I forgot to mentioned that I switch from nfs server to, rancher and rancher longhorn, for some security and reliability, the PVC is working and reliable.

Deleting the pod doesn’t delete the job.

Did you delete the pod from erpnext deployment? That pod has 2 containers, nginx and python. That is normal.

Job has reached the specified backoff limit means job ran for specified retries and failed.
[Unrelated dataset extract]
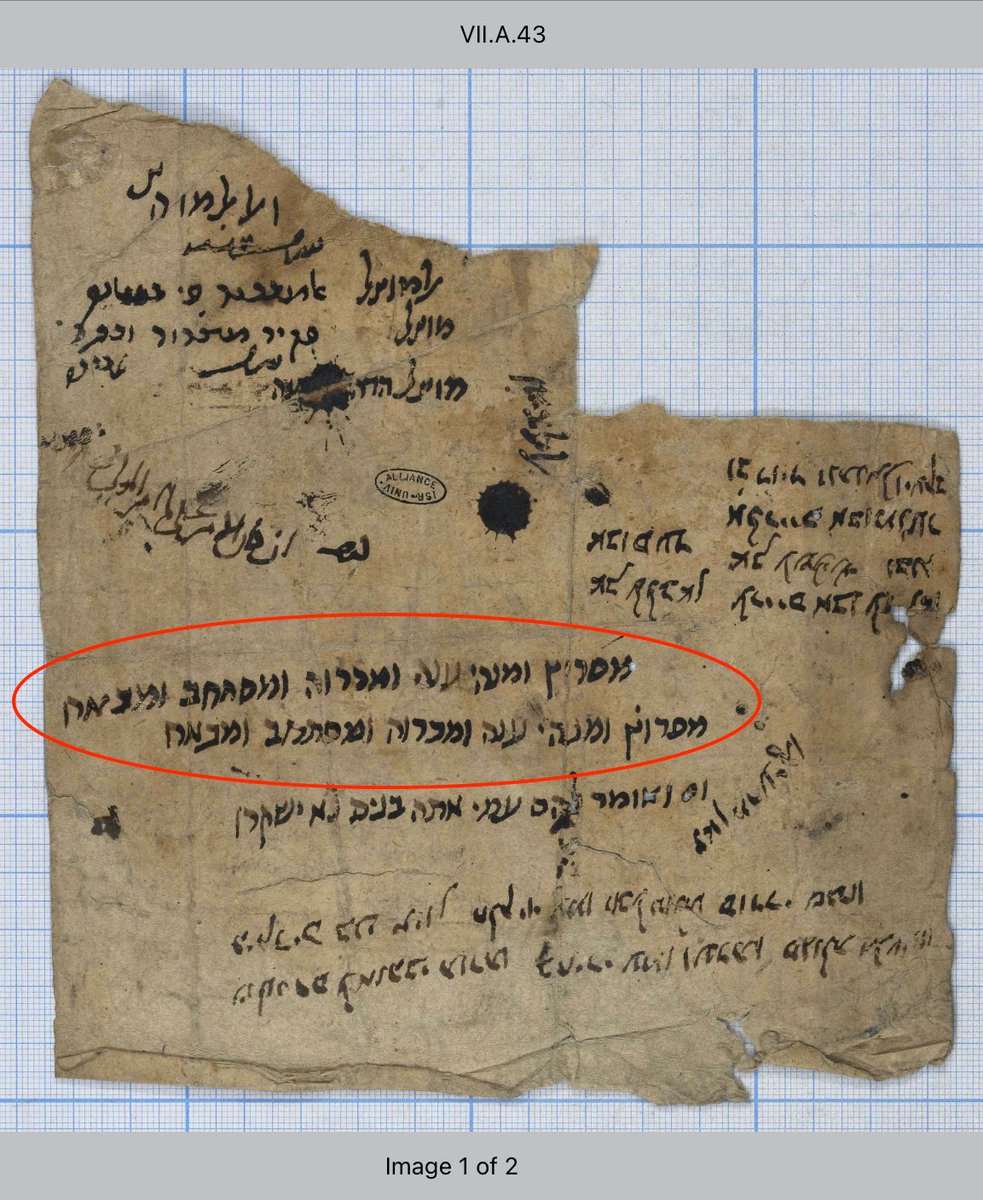 Princeton Geniza Lab tweet media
Check the logs of pods created by failed “Job”.

PVC should have storage class that supports RWX, get it from anywhere.

hi Revant,
Thanks for your follow up and replies, it is appreciated,

here below you will find the create job site yaml file I rebuild.
#############
apiVersion: batch/v1
kind: Job
metadata:
name: create-new-site-w-com
namespace: erpnext
spec:
backoffLimit: 1
template:
spec:
securityContext:
supplementalGroups: [1000]
containers:
- name: create-site
image: frappe/erpnext-worker:v13.16.1
args: [“new”]
imagePullPolicy: IfNotPresent
env:
- name: “SITE_NAME”
value: w.com
- name: “DB_ROOT_USER”
value: root
- name: “MYSQL_ROOT_PASSWORD”
valueFrom:
secretKeyRef:
key: password
name: mariadb-root-password
- name: “ADMIN_PASSWORD”
value: admin
# - name: “INSTALL_APPS”
# value: “erpnext”
restartPolicy: Never
volumes:
- name: sites-dir
persistentVolumeClaim:
claimName: w-erpnext
readOnly: false
- name: logs
persistentVolumeClaim:
claimName: w-erpnext-logs
readOnly: false
- name: assets-cache
emptyDir: {}
#volumeMounts:
# - name: sites-dir
# mountPath: /home/frappe/frappe-bench/sites
# - name: assets-cache
# mountPath: /home/frappe/frappe-bench/sites/assets
# - name: logs
# mountPath: /home/frappe/frappe-bench/logs
initContainers:
- name: populate-assets
image: frappe/erpnext-nginx:v13.16.1
command: [“/bin/bash”, “-c”]
args:
- “rsync -a --delete /var/www/html/assets/frappe /assets”
volumeMounts:
- name: assets-cache
mountPath: /assets
#####################

this file create one job as below:
(job) create-new-site-w-com

this job work for two minutes, and spin two pods as below:
(pod)_[create-new-site-w-com-6tv7j]from_image_frappe/erpnext-worker:v13.16.1
(pod)
[create-new-site-w-com-bdrg7]_from_image_frappe/erpnext-worker:v13.16.1

both pods fails and return this logs
config file not created, retry 29
config file not created, retry 30
config file not created, retry 31
timeout: config file not created

after that the (job) create-new-site-w-com, fails and return this description
Warning BackoffLimitExceeded 8m job-controller Job has reached the specified backoff limit

with below command all of them deleted
kubectl -n erpnext delete -f create-w-com.yaml (deletes all of them)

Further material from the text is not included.